** TO DO **
Find the line below with "AYADA 0.4 Gal" and the line with "Retro Virgin Mary". Output them and the lines between, exactly, but not the pictures.
[Opening GIVEN DATA section]
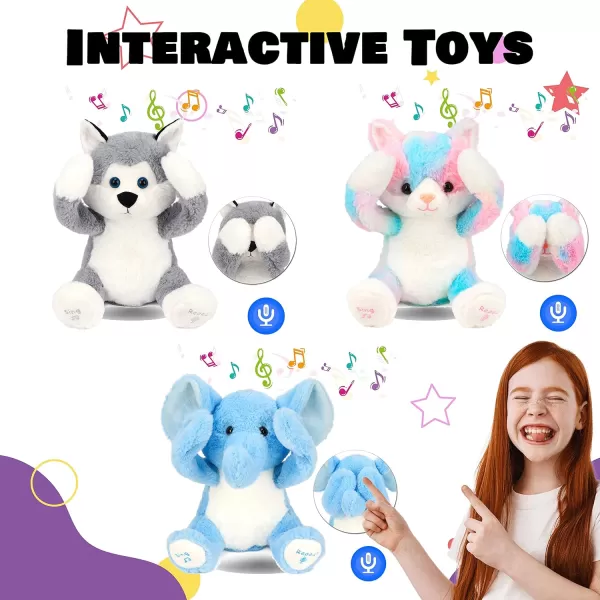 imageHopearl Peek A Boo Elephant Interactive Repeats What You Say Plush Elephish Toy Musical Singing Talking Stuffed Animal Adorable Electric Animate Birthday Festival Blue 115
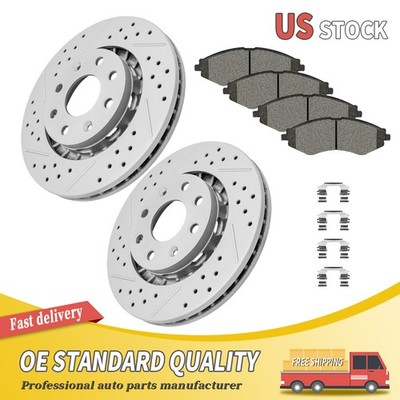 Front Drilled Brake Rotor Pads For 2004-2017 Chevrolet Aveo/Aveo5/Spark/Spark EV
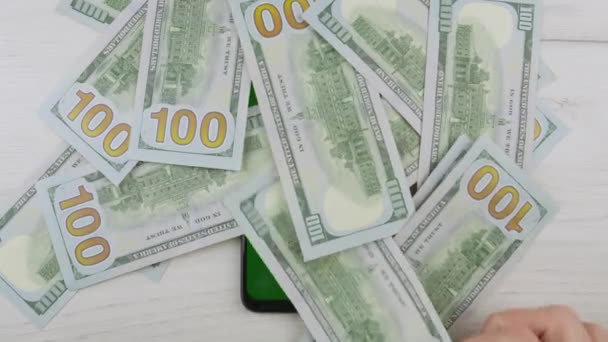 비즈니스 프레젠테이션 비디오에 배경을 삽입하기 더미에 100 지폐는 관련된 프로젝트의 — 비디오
[Closing GIVEN DATA section]
[Opening GIVEN DATA section]
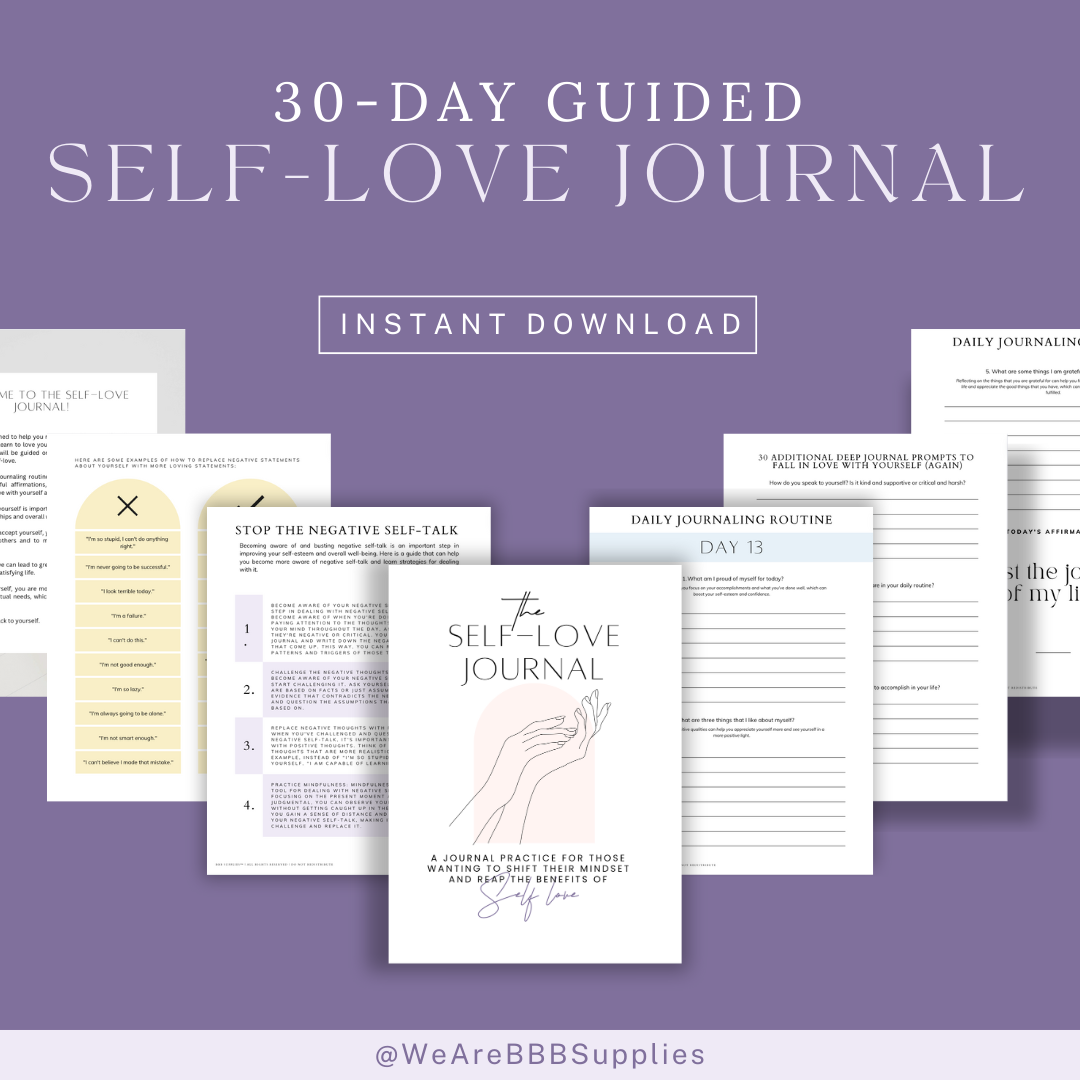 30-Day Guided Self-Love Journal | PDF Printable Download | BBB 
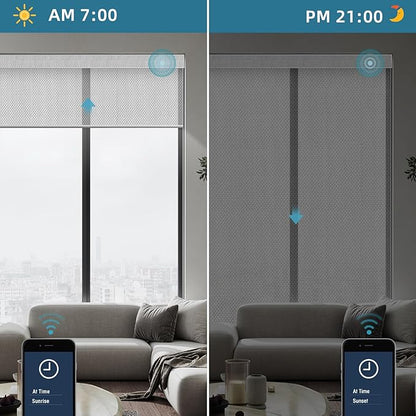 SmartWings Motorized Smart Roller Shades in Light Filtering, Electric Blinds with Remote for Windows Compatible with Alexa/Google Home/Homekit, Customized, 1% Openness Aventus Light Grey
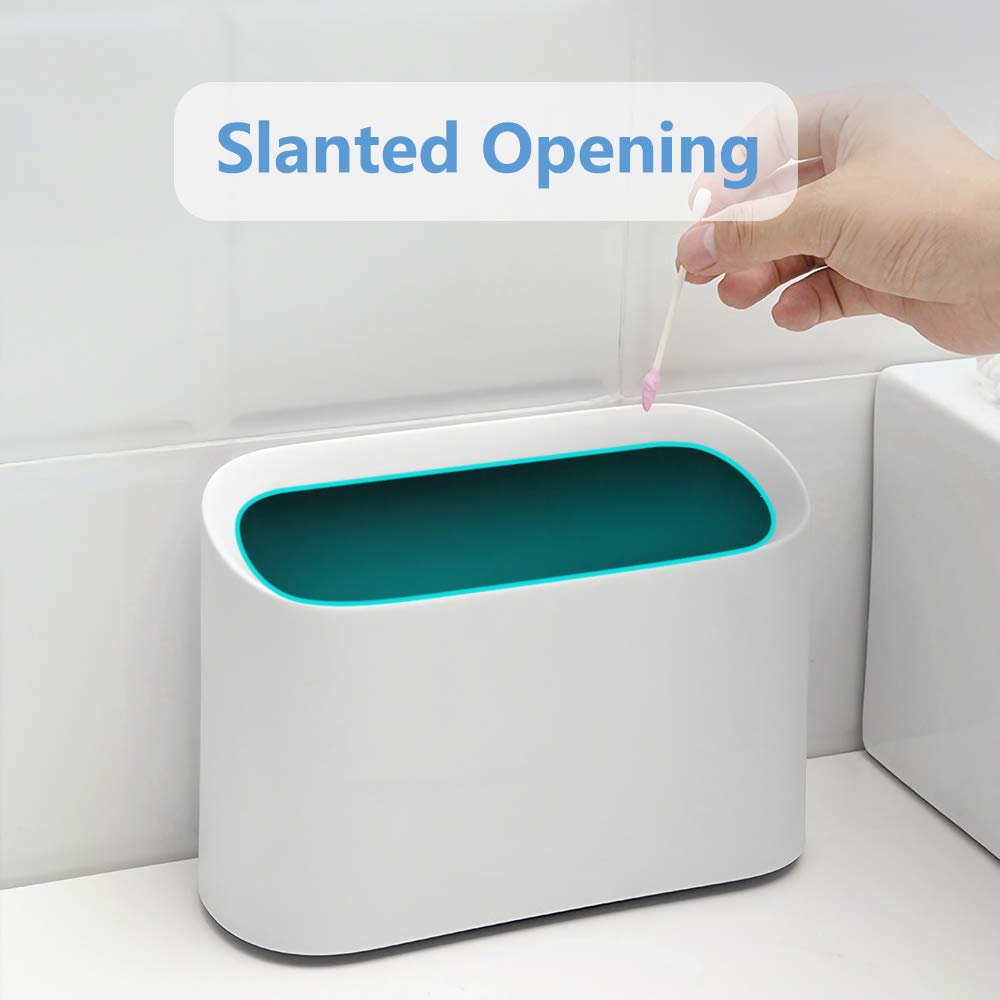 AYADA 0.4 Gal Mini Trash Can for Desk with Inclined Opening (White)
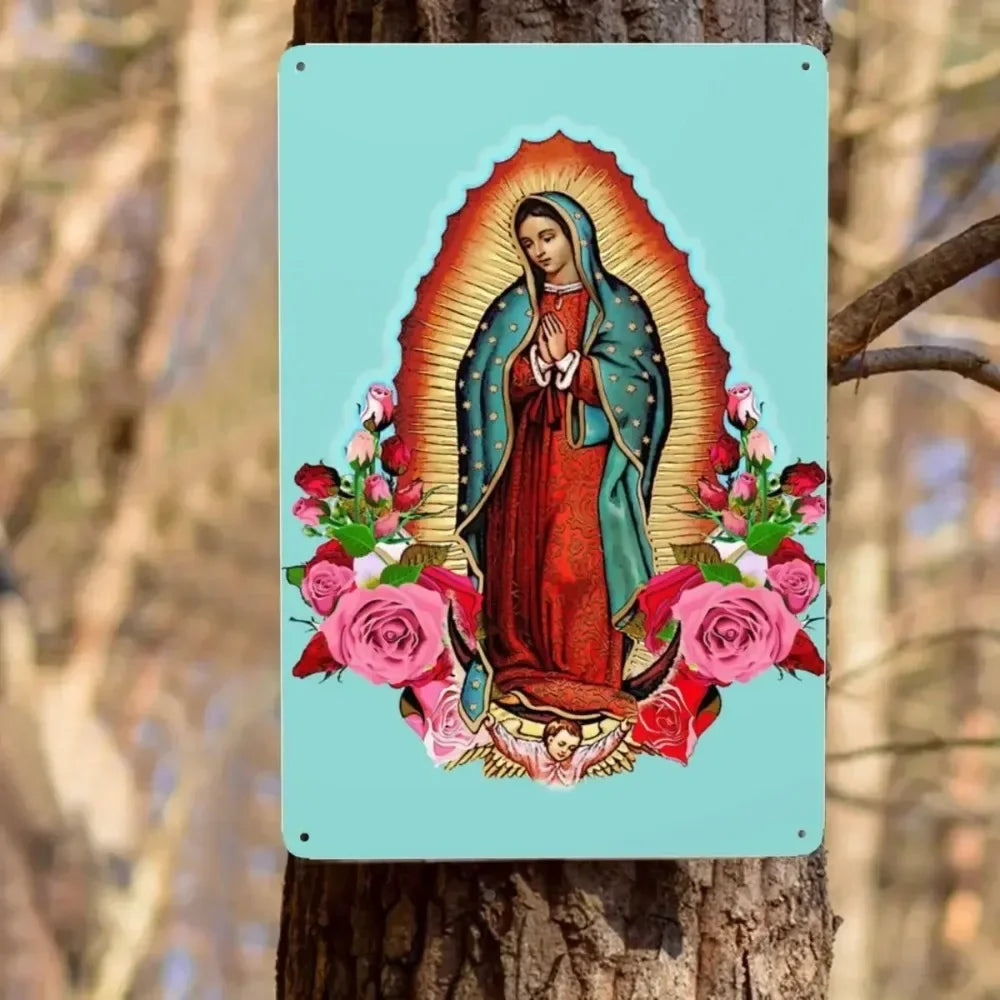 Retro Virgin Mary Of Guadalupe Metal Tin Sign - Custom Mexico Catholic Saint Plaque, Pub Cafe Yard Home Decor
[Closing GIVEN DATA section]
[Opening GIVEN DATA section]
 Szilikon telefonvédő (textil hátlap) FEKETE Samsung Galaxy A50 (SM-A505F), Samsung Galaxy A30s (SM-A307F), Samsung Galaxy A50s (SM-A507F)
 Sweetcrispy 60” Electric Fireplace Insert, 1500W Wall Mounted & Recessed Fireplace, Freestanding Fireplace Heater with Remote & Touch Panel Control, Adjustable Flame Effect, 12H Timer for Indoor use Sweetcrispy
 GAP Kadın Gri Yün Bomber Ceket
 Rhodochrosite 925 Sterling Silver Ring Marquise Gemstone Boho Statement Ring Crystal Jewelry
[Closing GIVEN DATA section]
** RESULT OF THIS EXERCISE **
 AYADA 0.4 Gal Mini Trash Can for Desk with Inclined Opening (White)
 Retro Virgin Mary Of Guadalupe Metal Tin Sign - Custom Mexico Catholic Saint Plaque, Pub Cafe Yard Home Decor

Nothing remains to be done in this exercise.